There are a few reasons why the dynamic might change over the course of 2016, however. Among them is the fact that banks need to raise capital to comply with Basel III regulations.

In addition, a lot of oil-producing governments need to cover their ever-widening budget deficits. Both these factors mean that the sukuk market could be far healthier, although it is not clear to what extent issuers might favour conventional bonds over sukuk.

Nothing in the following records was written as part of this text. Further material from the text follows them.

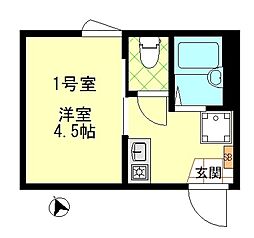 あおばトラスト新中野 1階1Kの間取り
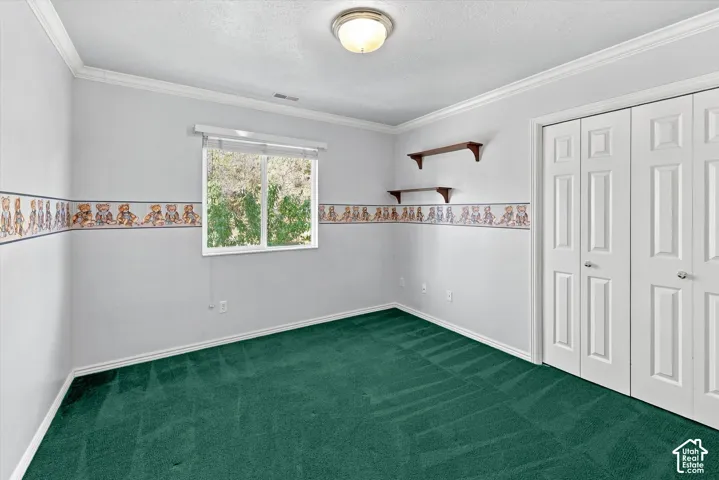 White double-pane window, white trim, white bi-fold closet doors, wall-mounted shelving, and a flush mount ceiling light fixture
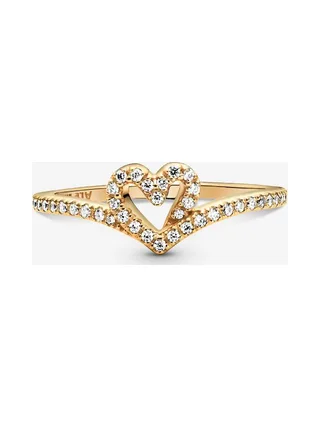 Pandora - Bague Wishbone Heart en plaqué or 14 carats 2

Another positive development is greater clarity on interest rates. One thing holding issuers back last year was uncertainty over what action the US Federal Reserve might take on interest rates. That has now been lifted to some extent, following the mid-December decision by the Fed to raise interest rates by 0.25 per cent, its first rise since 2006. The likes of Saudi Arabia, Bahrain and Kuwait all raised their interest rates in response, to maintain their currency pegs to the US dollar. Further rate rises may follow, but the direction of travel is at least clearer.

In the longer term, the sukuk market needs to expand into new areas if it is to thrive. Mohammad Farrukh Raza, managing director of IFAAS, an Islamic finance advisory firm, says there are several promising areas that have yet to be explored properly, but which would help to the sector to develop and mature.

“I think there are two pools that are seriously under-tapped in this market,” he says. “First of all, the corporate sector, and also retail sukuk. There is a lot of opportunity out there, but due to the lack of awareness among corporates, it’s simply not happening. The retail sukuk is another area that is almost completely ignored … The GCC markets need to investigate this more and develop structures that are geared towards the sukuk market and that will bring a lot of new liquidity into the market.”

Khalid Hamad Abdul-Rahman Hamad, executive director of banking supervision at the Central Bank of Bahrain, agrees that more needs to be done in this regard.

“We should encourage more innovation in sukuk structure and call for more issuances of sukuk by Islamic financial institutions, corporates, sovereigns and multilateral development banks,” he says.

Amid the gloom, it is worth pointing out that sukuk is still the second-largest segment of the global Islamic finance market, making up 16 percent of the industry’s total asset base in 2014, according to the Thomson Reuters report. Since 2012, the total amount of outstanding sukuk has grown by an average of 8.3 percent a year, more than twice the rate for the industry as a whole.

However, its relative strength within the industry highlights the lack of diversity in Islamic finance more than any particular strength in terms of sukuk. If the sukuk market does manage to grow this year, it could lead the way for expansion of the industry more generally.